WHAT TO PRODUCE: The lines to reproduce from the material below are those from the one containing "Zhorya Enfants Jouets" through the one containing "LaMichael James [Black Refractor] #112", both included; write them out exactly and add nothing.

DATA FOR THIS EXERCISE:
........

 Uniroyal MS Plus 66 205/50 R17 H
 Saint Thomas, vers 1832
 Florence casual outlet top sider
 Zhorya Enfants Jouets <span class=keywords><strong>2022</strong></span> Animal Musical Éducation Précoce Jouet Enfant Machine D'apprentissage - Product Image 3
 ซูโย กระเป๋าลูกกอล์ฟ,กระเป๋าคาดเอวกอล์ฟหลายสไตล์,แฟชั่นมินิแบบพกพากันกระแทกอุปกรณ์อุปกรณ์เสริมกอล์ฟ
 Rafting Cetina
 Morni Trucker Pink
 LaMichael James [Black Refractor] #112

........

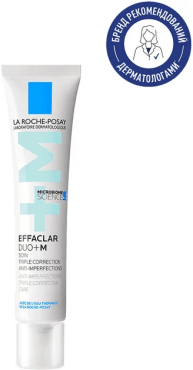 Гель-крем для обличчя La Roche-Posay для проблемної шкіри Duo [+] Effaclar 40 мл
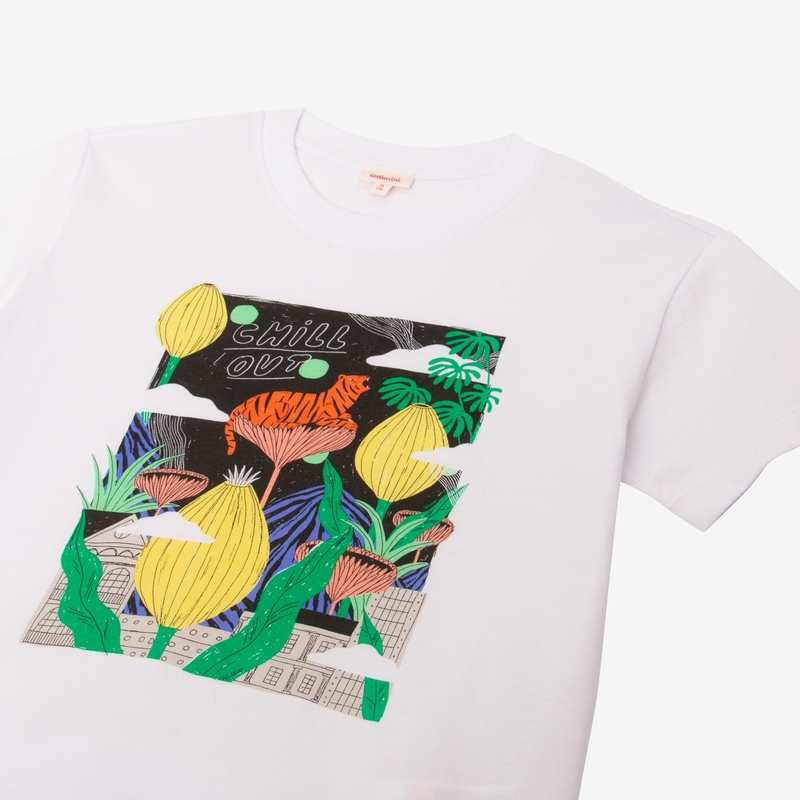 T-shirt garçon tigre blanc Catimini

........

ANSWER TO THE EXERCISE:
 Zhorya Enfants Jouets <span class=keywords><strong>2022</strong></span> Animal Musical Éducation Précoce Jouet Enfant Machine D'apprentissage - Product Image 3
 ซูโย กระเป๋าลูกกอล์ฟ,กระเป๋าคาดเอวกอล์ฟหลายสไตล์,แฟชั่นมินิแบบพกพากันกระแทกอุปกรณ์อุปกรณ์เสริมกอล์ฟ
 Rafting Cetina
 Morni Trucker Pink
 LaMichael James [Black Refractor] #112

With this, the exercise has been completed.